» AIM OF THE EXERCISE
The data that follows must be transcribed in full and exactly, minus the pictures.

DATASET EXCERPTS: Begin

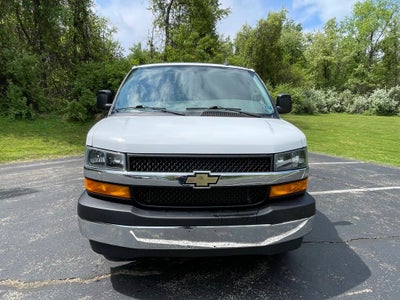 2024 Chevrolet Express 2500 Work Van Cargo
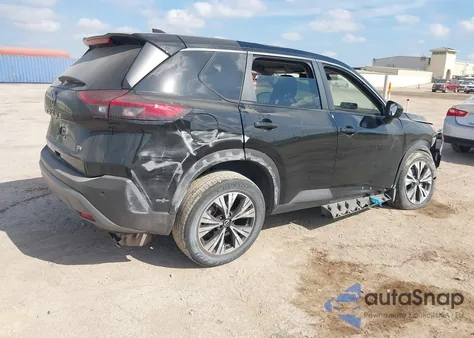2023 Nissan Rogue Sv Fwd из США, поврежденный, VIN JN8BT3BAXPW436406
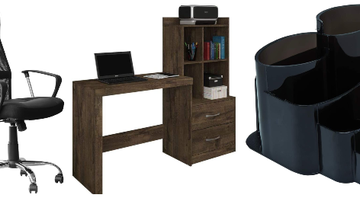 10 itens ideais para você montar um escritório em casa - Reprodução/Amazon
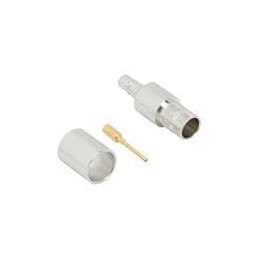 1 pcs : 930-256J-51S - RF Connectors / Coaxial Connectors QMA straight jack LMR-400, 50 ohm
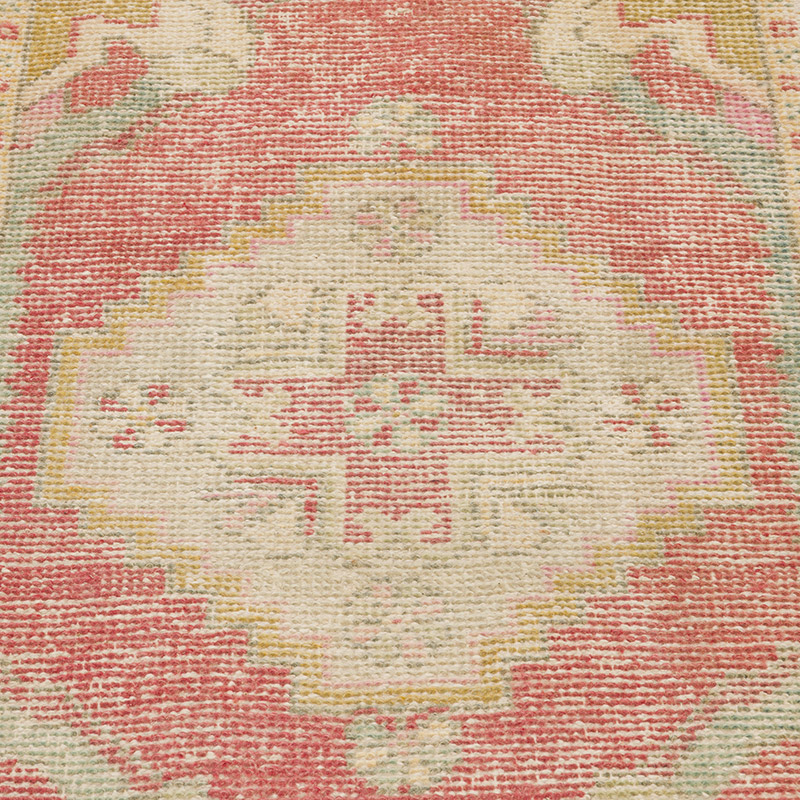 Vintage Turkish Hand-Knotted Rug - 1' 7" x 2' 11" (19" x 35") - K0086091
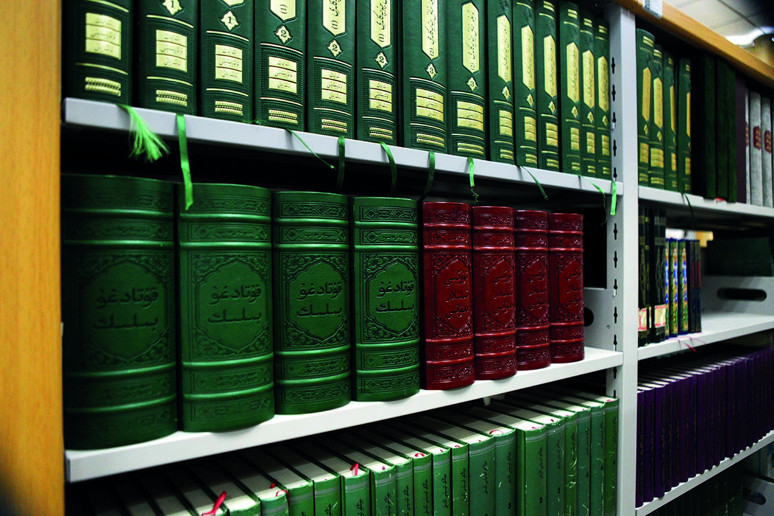 Sinciang İslâm Enstitüsü Rektörü Muhterem Şerif: Enstitümüzde üstün eğitim koşulları var - Resim : 4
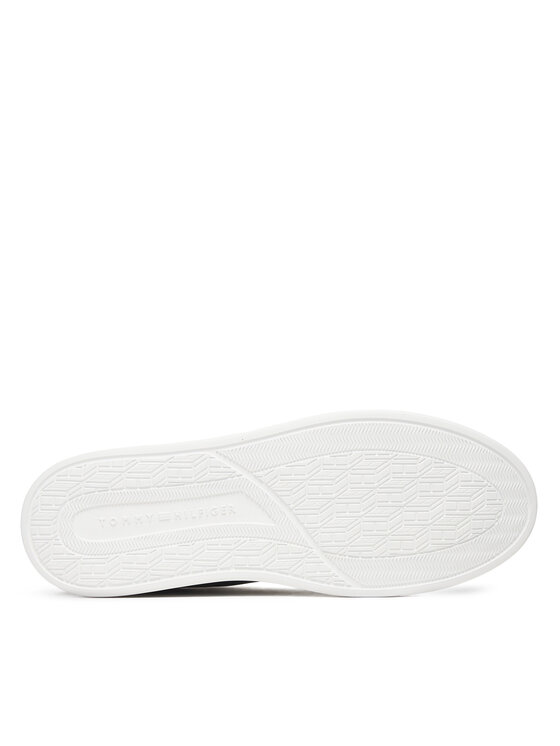 Tommy Hilfiger Snīkeri Tommy Hilfiger Icon Court Light Ess FM0FM05678 Tumši zils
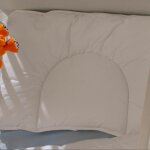Oreiller bébé anti - acariens - 40 / 60 - dodo Oreiller bébé anti - acariens - 40 / 60 - dodo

DATASET EXCERPTS: End

» ANSWER FOR THIS EXERCISE
 2024 Chevrolet Express 2500 Work Van Cargo
2023 Nissan Rogue Sv Fwd из США, поврежденный, VIN JN8BT3BAXPW436406
 10 itens ideais para você montar um escritório em casa - Reprodução/Amazon
 1 pcs : 930-256J-51S - RF Connectors / Coaxial Connectors QMA straight jack LMR-400, 50 ohm
 Vintage Turkish Hand-Knotted Rug - 1' 7" x 2' 11" (19" x 35") - K0086091
 Sinciang İslâm Enstitüsü Rektörü Muhterem Şerif: Enstitümüzde üstün eğitim koşulları var - Resim : 4
 Tommy Hilfiger Snīkeri Tommy Hilfiger Icon Court Light Ess FM0FM05678 Tumši zils
Oreiller bébé anti - acariens - 40 / 60 - dodo Oreiller bébé anti - acariens - 40 / 60 - dodo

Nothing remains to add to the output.